Did you know that not naming a beneficiary can cost your estate extra taxes on your death?  Anytime you do not name a beneficiary on your registered plans you are adding to the probate taxes payable on death.  Not only would your estate have more taxes to pay but if your will is challenged, this money could get tied up for years sitting in limbo.

Most people have a named beneficiary on their insurance policies.  So why doesn’t everyone have a named beneficiary on their registered plans?  I see situations where it is overlooked, especially on group plans at work.  Until I get to review a group plan with a client, they were not even aware they had no beneficiary named.  I have also seen this happen at registered plans at the bank.

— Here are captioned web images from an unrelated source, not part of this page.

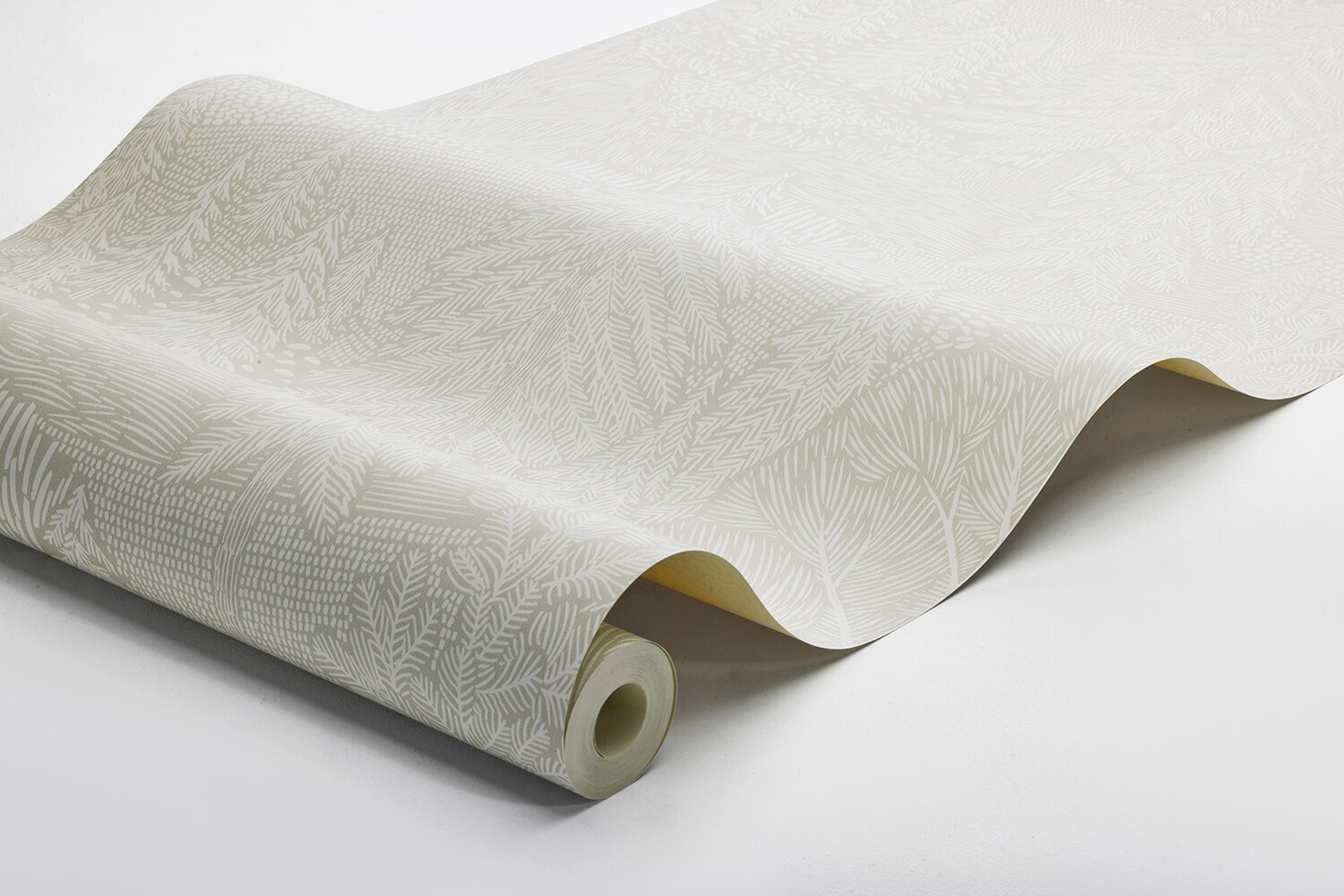 Northern Forest tapet med botaniskt mönster i vit. Från kollektionen Woodland. Nonwoven-material med förskjuten passning.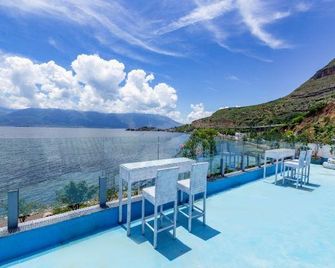 Yishiqingyuan Sea View Boutique Inn - Dali - Balcony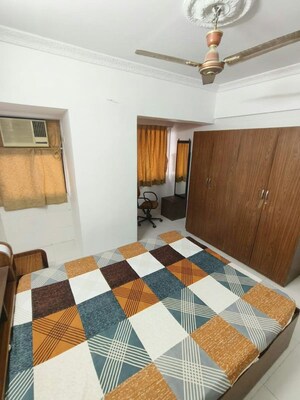 Bedroom in 2 BHK Apartment at Nivant Apartment Vile Parle, Vile Parle West – for Rent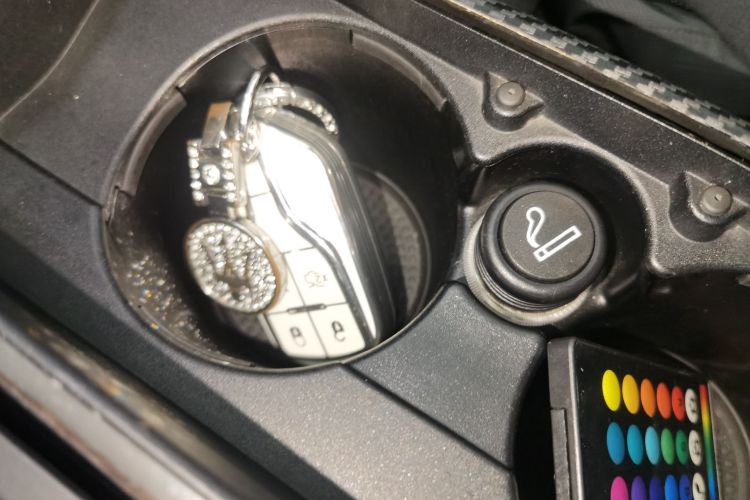 玛莎拉蒂 Levante 2016款 3.0T 标准型中控内饰11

Sometimes people are unsure who to leave their money to when they do not have a spouse, partner, children or close relatives.  This is no excuse.  There are charities that could benefit from this money or close friends you could name.  What you need to know is your beneficiary could change anytime your circumstances change, so naming someone is better than not naming anyone.  Anytime you change your mind about who you named, it can be changed with your financial institution or the benefits people at work that administers your group plan.

Naming your estate as beneficiary on your registered plans automatically add to the taxes your estate will pay.

You can name more than one person on any of your registered plans.  So where should you have a named beneficiary?  The following is some of the more common places:  group plans at work including retirement plans, TFSA and DPSP; registered plans at financial institution which include, retirement savings plans (RSP), locked in retirement accounts (LIRA) and tax free savings accounts (TFSA).  There are other registered accounts such as LIF, RIF, etc. that should also have a named beneficiary.  Most plans with an insurance company allow for a named beneficiary as well.

You cannot name a beneficiary on non-registered investment accounts; bank accounts etc.  If you have a segregated account with an insurance that is non-registered, they will allow a named beneficiary because of the insurance wrapper the product has.

If you do not want to pay any more taxes than you actually have to on your estate, you may want to review all registered plans you have. Ensure you have a named beneficiary wherever possible because having a name does matter.